Решил также выучить фамилии солдат и, считая оскорбительным для них переспрашивать фамилии, принял за правило ходить каждый вечер на перекличку. Помнил я при этом совет отца — хорошенько всматриваться в лица людей. И вот стал я замечать, что один из улан 3-го взвода, Цветков, смотрит как-то мрачно, угрюмо. Однажды, по окончании молитвы, я велел Зеленяку вызвать Цветкова в эскадронную канцелярию. Не помню хорошо, проведено ли было электричество в казармах и не оставалось ли оно достоянием только офицерского собрания, но, во всяком случае, комнатенка, где обычно сидел эскадронный писарь, была освещена слабо. В ожидании моего улана я подписывал за столом очередные бумажки и на стук в дверь ответил: «Войдите». Обернувшись, я увидел Цветкова, который при одном уже этом моем движении вздрогнул, еще больше вытянулся и почти прижался к косяку двери.
— Подойди сюда, — говорю я ему.
Но он делает один неуверенный шаг вперед.
Не желая повторять приказа, я сам встаю со стула, но при первом моем шаге Цветков вздрагивает и инстинктивно откидывает голову назад. Мне стало жутко. В одну минуту я понял все. Не хотелось только верить, что в этом блестящем гвардейском полку могли уживаться такие методы воспитания.
Из дальнейшего опроса Цветкова выяснилось, что причиной его дурного настроения было плохое письмо из дому. Семья его бедствовала и давно уже не высылала ему ни копейки. Я, знал, как трудно служить солдату без собственных грошей, и, проверив списки, убедился, что безденежных у меня в эскадроне пятнадцать человек.

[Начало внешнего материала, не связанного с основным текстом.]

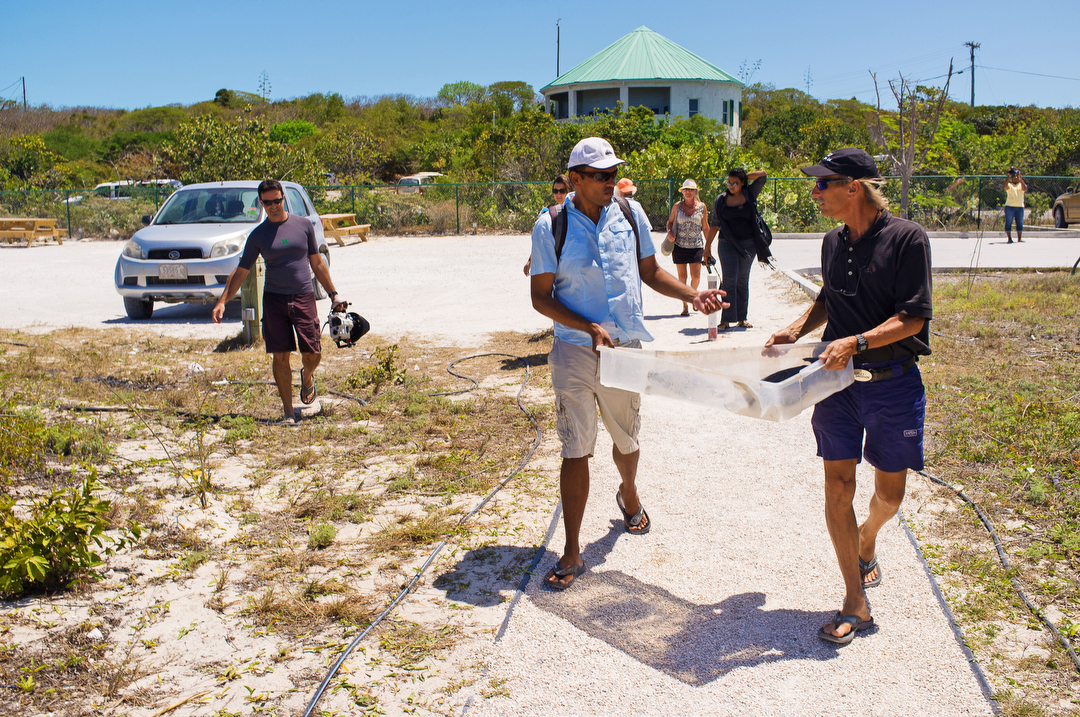 Ecology Nature conservation turks and caicos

Десять из них были уже пристроены денщиками и вестовыми при офицерских лошадях, за что полагалось платить по пяти рублей в месяц, но для Цветкова и остальных нужно было искать другой выход. С наступлением холодов он нашелся сам собой. Тяжело бывало вставать людям на уборку коней задолго до петербургского рассвета, когда термометр показывал внутри помещения едва пять градусов, а со всех наружных углов капала вода: казармы были новой постройки. Печи в них были почему-то огромных размеров. Я перебрал уже дрова с полкового склада чуть ли не за два месяца вперед, но в конце концов видя, что это не помогает, решился по совету эскадронной аристократии — взводных унтер-офицеров и каптенармуса — на крайнюю меру: поставить во всех наружных углах железные печурки. Они должны были затапливаться за полчаса до утреннего подъема, и к ним-то за три рубля в месяц из хозяйственных сумм я и прикрепил моих последних «бедняков». «Августейший шеф полка» никогда не бывал в казарме, а высокому начальству не приходило в голову притянуть к ответу представителей инженерного ведомства: экономию на кирпиче при постройке казарм можно было без труда обнаружить.